A few weeks ago, Josh Miller gave me a copy of his new documentary "Made in the USA: The 30 Day Journey" to watch and review. Josh has been a vocal advocate in the Made in America Movement and a great supporter of my blog. I was, of course, intrigued to watch about his journey and see how it all panned out. Beyond that, though, I wasn't sure what to expect. I must say that I underestimated what I was about to watch.

Here's the thing: you make a movie about spending 30 days traveling across the country and using only American-made products, I think it's going to be straight forward. I'm going to learn about all these great products and companies that I didn't know about; it's going to be informative. I think, hey, this guy's going to show me how it's done. And then you see that it's not so easy and there are some stumbling points. How do you do simple things like brush your teeth or eat or take a shower or any of that normal stuff when a lot of things are just not made in the States anymore? You know, it's sometimes hard even for the guy making a movie about stuff made in the USA. It makes me realize just how complicated and intricate American manufacturing and American consumerism really is.

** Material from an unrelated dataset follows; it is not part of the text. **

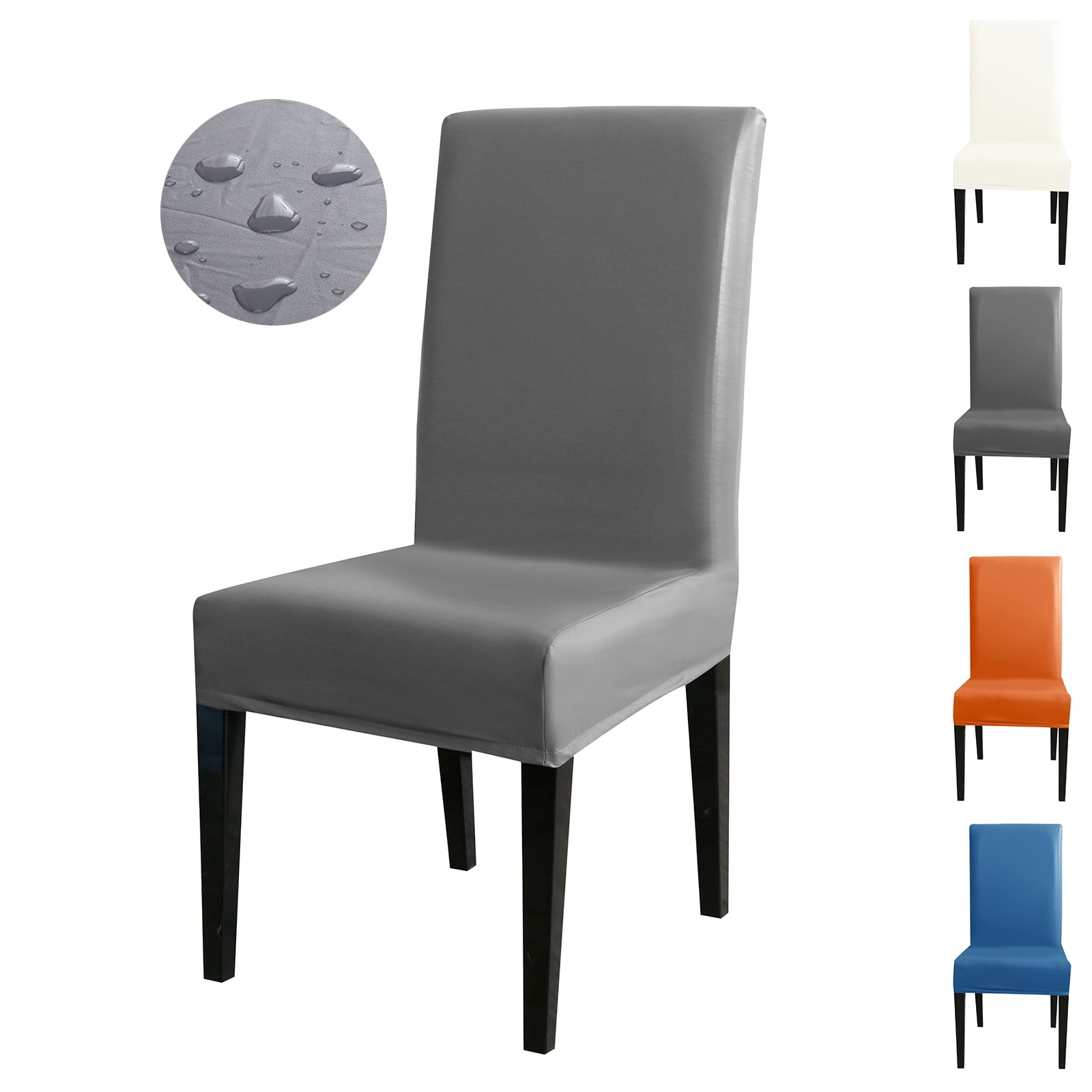 Dining Chair Covers,Waterproof PU Leather Chair Cover Spandex PU Stretch Dining Chair Protector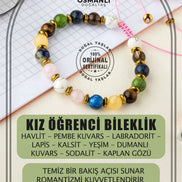 Kız Öğrenci Doğal Taş Bileklik-Havlit-Pembe Kuvars-Labradorit-Lapis Lazuli-Kalsit-Yeşim-Dumanlı Kuvars-Sodalit-Kaplan Gözü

In fact, I did learn a thing or two about American products. Josh has some great interviews with companies across the U.S. spanning lots of different industries: All American Clothing Co., Art Flo, Bullet Blues Custom Apparel, k'NEX, NOLA Brewery, Sun & Earth, and Three Dots. Josh's positive spin on what is being manufactured in the U.S. now and what is doing well was refreshing. It's great to learn directly from business owners the reasons that they have decided to stay an American-made company and why offshoring isn't appealing to them. Again and again, I'm finding it nice to hear from people that it is possible to produce a US-made product, to do it well, and to make a profit.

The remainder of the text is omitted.